Blocked Drains in March
March's separate sewer network creates distinct drainage challenges across PE15 and PE16 postcodes. Victorian properties—18% of March's housing—use clay pipework that silts rapidly and falls prey to root intrusion. Edwardian homes add another 10%, their corroded joints vulnerable to water infiltration. Even modern developments in March must connect to Anglian Water's dual-drain regime: misplaced washing machines and rainwater downpipes cause enforcement action from Fenland Council.
Blocked drains in March (PE15, PE16) typically stem from silt accumulation in clay pipes, root penetration, and limescale buildup from Anglian Water's hard-water supply. March's separate foul and surface drains require targeted clearance. Fenland Council's enforcement on misconnections makes professional diagnosis essential.

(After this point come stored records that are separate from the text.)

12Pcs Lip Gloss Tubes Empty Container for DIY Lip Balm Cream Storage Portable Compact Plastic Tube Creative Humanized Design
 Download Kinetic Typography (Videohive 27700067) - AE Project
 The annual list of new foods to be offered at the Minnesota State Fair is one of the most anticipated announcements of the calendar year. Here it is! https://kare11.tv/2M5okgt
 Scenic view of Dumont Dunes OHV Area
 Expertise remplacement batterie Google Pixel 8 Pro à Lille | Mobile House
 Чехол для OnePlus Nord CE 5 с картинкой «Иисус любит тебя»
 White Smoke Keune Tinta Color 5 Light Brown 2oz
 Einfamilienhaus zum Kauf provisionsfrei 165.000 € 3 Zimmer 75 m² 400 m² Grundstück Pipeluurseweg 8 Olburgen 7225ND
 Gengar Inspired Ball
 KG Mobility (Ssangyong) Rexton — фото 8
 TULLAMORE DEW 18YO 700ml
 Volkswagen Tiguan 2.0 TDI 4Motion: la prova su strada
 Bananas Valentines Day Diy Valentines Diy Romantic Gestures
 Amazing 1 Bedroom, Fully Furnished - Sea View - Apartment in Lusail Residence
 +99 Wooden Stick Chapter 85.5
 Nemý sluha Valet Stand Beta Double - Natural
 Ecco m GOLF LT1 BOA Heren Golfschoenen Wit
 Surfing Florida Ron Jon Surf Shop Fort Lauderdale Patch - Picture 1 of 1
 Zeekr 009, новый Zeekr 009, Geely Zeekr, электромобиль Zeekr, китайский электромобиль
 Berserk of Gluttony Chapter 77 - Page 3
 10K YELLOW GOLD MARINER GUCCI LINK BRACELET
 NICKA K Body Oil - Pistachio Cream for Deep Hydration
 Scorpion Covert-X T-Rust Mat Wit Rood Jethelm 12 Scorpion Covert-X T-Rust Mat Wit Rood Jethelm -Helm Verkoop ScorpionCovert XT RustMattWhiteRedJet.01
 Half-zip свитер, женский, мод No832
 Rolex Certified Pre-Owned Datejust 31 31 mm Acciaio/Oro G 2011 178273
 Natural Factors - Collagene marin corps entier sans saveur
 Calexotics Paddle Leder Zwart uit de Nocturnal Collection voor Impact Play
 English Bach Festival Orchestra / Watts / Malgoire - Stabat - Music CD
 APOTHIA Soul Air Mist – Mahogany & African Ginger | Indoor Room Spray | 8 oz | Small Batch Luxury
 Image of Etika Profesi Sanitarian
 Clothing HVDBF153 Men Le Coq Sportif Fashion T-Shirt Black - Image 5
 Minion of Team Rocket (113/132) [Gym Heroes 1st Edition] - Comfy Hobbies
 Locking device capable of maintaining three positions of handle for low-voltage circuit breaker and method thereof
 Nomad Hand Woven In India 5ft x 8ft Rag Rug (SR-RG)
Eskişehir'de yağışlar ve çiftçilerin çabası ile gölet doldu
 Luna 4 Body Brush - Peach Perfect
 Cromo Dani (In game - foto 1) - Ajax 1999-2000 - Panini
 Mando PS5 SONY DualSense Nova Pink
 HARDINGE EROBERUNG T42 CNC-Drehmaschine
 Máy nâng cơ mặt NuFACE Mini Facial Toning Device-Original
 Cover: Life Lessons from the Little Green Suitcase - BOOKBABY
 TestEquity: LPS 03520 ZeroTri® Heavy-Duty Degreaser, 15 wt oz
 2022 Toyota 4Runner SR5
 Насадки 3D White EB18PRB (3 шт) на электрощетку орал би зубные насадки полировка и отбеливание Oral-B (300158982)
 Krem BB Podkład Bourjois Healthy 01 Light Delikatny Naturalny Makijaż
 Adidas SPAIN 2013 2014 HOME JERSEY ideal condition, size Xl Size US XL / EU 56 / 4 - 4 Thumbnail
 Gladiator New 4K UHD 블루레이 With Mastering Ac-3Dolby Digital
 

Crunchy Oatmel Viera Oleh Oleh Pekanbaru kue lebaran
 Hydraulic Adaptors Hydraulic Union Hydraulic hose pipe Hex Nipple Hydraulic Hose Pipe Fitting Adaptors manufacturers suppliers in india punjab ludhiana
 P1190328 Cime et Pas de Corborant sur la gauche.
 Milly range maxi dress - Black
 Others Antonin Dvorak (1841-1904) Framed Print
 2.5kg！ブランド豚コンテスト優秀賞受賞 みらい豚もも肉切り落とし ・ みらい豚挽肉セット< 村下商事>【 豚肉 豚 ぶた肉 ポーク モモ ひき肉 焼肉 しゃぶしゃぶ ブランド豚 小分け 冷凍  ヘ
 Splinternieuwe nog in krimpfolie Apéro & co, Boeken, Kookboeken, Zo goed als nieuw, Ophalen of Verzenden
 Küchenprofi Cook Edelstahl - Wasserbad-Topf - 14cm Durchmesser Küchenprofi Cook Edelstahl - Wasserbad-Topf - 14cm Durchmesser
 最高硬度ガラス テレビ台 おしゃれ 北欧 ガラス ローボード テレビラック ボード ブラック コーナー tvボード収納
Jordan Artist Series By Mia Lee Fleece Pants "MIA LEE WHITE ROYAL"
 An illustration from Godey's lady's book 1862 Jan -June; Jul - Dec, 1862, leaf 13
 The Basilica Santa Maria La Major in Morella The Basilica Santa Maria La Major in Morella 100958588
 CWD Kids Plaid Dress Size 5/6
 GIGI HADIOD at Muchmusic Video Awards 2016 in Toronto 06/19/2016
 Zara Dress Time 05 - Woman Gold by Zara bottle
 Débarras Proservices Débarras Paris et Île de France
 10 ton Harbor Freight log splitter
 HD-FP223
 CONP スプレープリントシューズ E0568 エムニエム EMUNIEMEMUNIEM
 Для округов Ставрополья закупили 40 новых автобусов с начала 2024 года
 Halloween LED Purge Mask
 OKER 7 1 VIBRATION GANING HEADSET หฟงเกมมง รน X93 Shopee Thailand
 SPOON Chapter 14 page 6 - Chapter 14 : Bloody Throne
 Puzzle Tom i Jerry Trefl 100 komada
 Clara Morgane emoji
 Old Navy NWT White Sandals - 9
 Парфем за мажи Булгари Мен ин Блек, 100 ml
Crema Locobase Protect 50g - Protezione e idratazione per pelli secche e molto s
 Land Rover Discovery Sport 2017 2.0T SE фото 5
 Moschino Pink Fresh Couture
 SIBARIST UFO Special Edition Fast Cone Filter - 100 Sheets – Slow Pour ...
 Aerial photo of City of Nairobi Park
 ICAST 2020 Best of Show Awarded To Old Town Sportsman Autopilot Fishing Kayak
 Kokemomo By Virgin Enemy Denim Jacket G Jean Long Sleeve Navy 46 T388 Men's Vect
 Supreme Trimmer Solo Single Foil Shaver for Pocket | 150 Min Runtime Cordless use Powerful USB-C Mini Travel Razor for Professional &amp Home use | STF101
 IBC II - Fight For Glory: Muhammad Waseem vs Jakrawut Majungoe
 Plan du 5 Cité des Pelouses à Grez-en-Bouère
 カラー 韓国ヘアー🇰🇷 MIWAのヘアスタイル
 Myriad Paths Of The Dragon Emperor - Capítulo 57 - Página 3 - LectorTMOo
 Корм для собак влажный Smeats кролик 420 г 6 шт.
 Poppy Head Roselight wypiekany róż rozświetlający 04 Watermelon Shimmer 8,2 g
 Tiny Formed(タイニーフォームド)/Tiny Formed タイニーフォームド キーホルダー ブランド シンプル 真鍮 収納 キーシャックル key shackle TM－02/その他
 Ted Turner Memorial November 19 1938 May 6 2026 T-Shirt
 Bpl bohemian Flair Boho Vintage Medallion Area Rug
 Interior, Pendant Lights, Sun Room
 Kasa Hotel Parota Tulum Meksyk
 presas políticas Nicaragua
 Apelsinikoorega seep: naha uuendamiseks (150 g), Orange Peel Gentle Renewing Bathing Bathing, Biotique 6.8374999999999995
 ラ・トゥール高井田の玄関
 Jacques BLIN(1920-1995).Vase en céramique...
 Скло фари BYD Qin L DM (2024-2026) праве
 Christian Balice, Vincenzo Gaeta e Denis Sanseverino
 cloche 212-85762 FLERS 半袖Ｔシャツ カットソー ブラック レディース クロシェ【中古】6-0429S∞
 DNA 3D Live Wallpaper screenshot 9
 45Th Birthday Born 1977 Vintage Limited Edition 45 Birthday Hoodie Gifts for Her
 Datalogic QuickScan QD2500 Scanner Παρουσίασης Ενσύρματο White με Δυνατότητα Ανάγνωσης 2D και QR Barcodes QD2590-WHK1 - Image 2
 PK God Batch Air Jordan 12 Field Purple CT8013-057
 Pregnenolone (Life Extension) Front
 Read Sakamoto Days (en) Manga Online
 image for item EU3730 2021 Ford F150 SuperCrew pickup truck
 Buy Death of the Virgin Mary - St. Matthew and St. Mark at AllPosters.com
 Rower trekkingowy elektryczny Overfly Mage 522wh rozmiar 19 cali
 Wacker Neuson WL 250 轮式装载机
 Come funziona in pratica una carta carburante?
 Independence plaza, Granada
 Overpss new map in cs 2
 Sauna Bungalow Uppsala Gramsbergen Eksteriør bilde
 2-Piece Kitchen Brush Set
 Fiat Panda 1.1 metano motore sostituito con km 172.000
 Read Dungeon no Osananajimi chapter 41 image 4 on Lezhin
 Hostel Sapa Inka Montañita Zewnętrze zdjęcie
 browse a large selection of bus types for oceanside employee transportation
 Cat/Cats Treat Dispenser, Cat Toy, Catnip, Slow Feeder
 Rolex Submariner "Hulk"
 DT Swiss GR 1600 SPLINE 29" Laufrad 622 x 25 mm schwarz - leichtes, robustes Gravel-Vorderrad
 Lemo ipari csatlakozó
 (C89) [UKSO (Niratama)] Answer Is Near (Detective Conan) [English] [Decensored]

Drainage in March — what local engineers know
Anglian Water's hard-water supply across March accelerates limescale buildup in soil pipes and boiler circuits—a chronic issue in PE16 and PE17 properties. Fenland Council's environmental team prosecutes misconnections aggressively; surface-water drains plumbed to foul networks incur fines exceeding £5,000. March sits on the water table; ground saturation forces water into blocked clay pipes faster than in higher-lying areas. The separate sewer design means a single blockage can affect either foul or surface drainage independently—identifying which system has failed requires inspection. Root masses from period properties' mature gardens invade clay joints regularly; tree removal rarely occurs until collapse forces the issue.
- Hard water supply causes limescale accumulation in boilers, radiators and soil pipe joints — powerflush and descaling demand is high across March
- Separate sewer system across most of March: misconnections (e.g. washing machines plumbed into surface water drains) are a known local issue and can result in environmental enforcement action
- Coastal salt-laden air in March accelerates corrosion of external soil stacks, pipe brackets and galvanised fittings on exposed elevations
- With 28% of properties built before 1920, salt-glazed clay drainage and lead-solder copper pipework are common — pipe collapse, root ingress and joint failure are recurring call-out drivers.
What happens when you call us in March
- 1 Immediate dispatch. We find the nearest available engineer covering PE15/PE16 and confirm the ETA before the call ends.
- 2 On-site diagnosis — no guessing. The engineer inspects using professional-grade equipment including CCTV where needed and quotes a fixed price before work starts.
- 3 Job complete, report issued. You receive a written completion report. All work is guaranteed — same fault returns within the guarantee period, we come back free.